*DATA TO USE:*
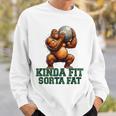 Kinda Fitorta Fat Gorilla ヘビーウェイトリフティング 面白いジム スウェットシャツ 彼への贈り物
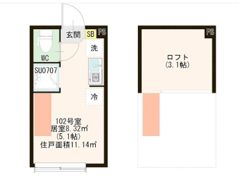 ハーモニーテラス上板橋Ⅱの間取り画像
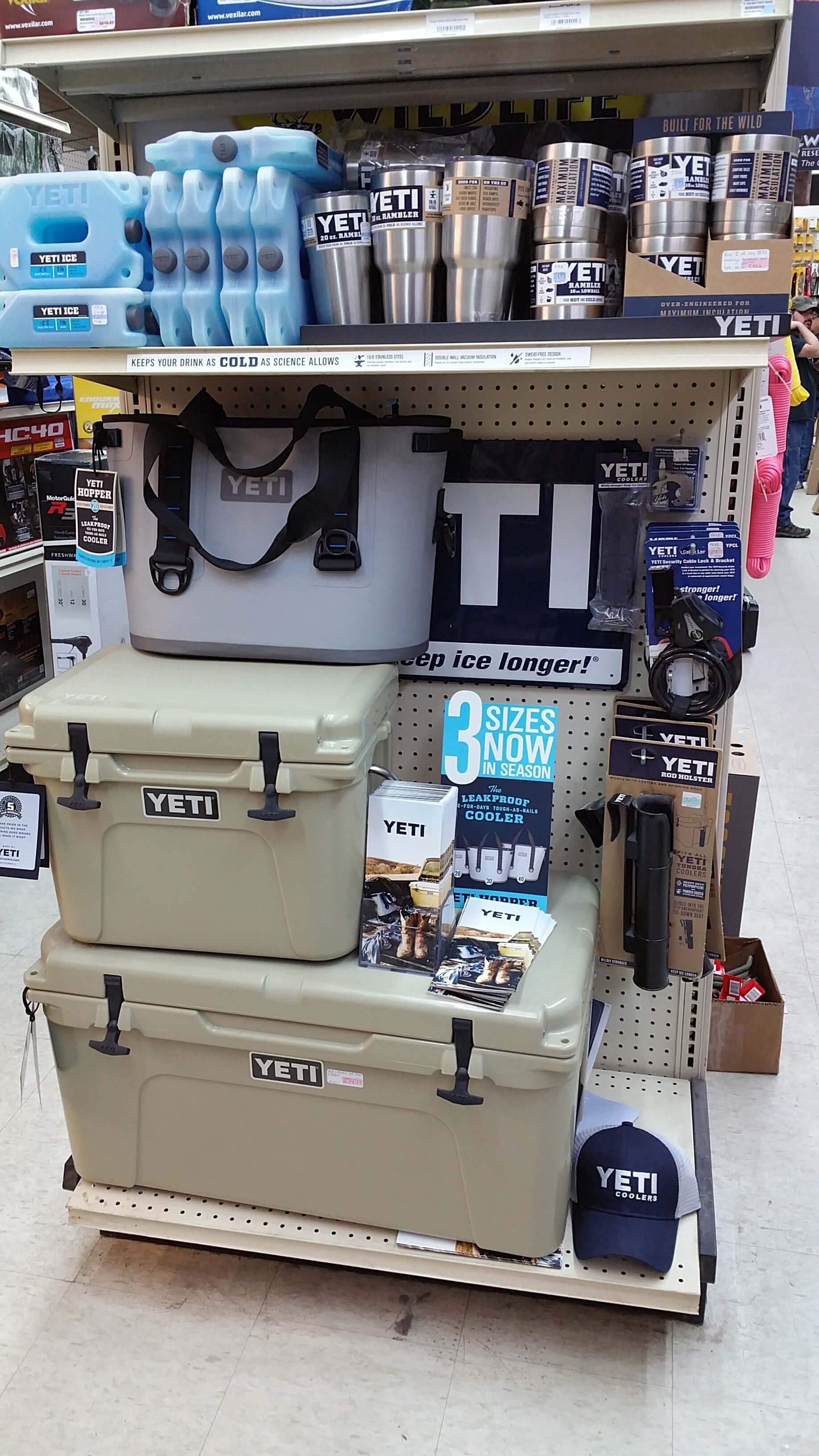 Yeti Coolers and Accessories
* * *
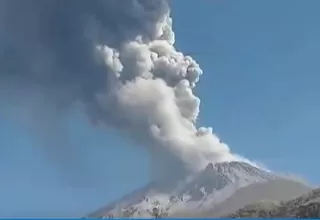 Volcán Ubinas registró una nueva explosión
---
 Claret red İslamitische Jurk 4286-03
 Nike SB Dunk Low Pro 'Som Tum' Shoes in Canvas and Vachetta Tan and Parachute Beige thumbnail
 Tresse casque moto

*WHAT YOU HAVE TO DO:* Beginning with the line above that contains "Kinda Fitorta Fat" and finishing with the line that contains "Yeti Coolers and Accessories", print those lines exactly and only. Skip all pictures.

*ANSWER FOR THE TASK:*
 Kinda Fitorta Fat Gorilla ヘビーウェイトリフティング 面白いジム スウェットシャツ 彼への贈り物
 ハーモニーテラス上板橋Ⅱの間取り画像
 Yeti Coolers and Accessories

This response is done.